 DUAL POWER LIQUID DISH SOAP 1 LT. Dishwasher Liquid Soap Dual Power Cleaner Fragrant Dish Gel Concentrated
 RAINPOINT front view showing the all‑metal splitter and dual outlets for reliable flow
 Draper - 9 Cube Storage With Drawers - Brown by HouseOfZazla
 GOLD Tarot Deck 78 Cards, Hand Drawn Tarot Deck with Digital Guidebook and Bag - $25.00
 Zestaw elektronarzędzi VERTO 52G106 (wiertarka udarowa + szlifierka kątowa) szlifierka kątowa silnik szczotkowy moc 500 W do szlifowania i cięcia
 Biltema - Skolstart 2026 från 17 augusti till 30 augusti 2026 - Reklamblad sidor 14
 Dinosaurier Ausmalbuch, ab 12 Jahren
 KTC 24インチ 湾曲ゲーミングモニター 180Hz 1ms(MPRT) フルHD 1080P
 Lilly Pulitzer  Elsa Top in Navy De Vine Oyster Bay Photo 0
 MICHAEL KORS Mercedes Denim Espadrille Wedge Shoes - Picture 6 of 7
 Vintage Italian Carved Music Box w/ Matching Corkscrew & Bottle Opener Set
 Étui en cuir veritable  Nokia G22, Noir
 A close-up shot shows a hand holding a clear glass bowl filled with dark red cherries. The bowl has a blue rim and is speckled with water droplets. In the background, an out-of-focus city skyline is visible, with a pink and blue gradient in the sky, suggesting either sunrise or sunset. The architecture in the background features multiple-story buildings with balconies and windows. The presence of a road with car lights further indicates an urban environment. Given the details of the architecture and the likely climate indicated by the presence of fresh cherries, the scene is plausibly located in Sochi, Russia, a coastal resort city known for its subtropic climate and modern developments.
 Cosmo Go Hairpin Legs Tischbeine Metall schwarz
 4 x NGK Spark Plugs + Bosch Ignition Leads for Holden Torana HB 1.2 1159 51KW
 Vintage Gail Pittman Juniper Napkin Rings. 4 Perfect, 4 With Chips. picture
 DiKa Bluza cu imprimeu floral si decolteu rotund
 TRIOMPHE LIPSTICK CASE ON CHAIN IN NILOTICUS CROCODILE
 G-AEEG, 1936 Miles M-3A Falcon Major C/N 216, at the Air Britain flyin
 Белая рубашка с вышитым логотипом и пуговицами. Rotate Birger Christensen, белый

####################

### TASK INSTRUCTIONS:
Wherever the word "Vintage" occurs in the data, copy that whole line.

### RESULT:
 Vintage Italian Carved Music Box w/ Matching Corkscrew & Bottle Opener Set
 Vintage Gail Pittman Juniper Napkin Rings. 4 Perfect, 4 With Chips. picture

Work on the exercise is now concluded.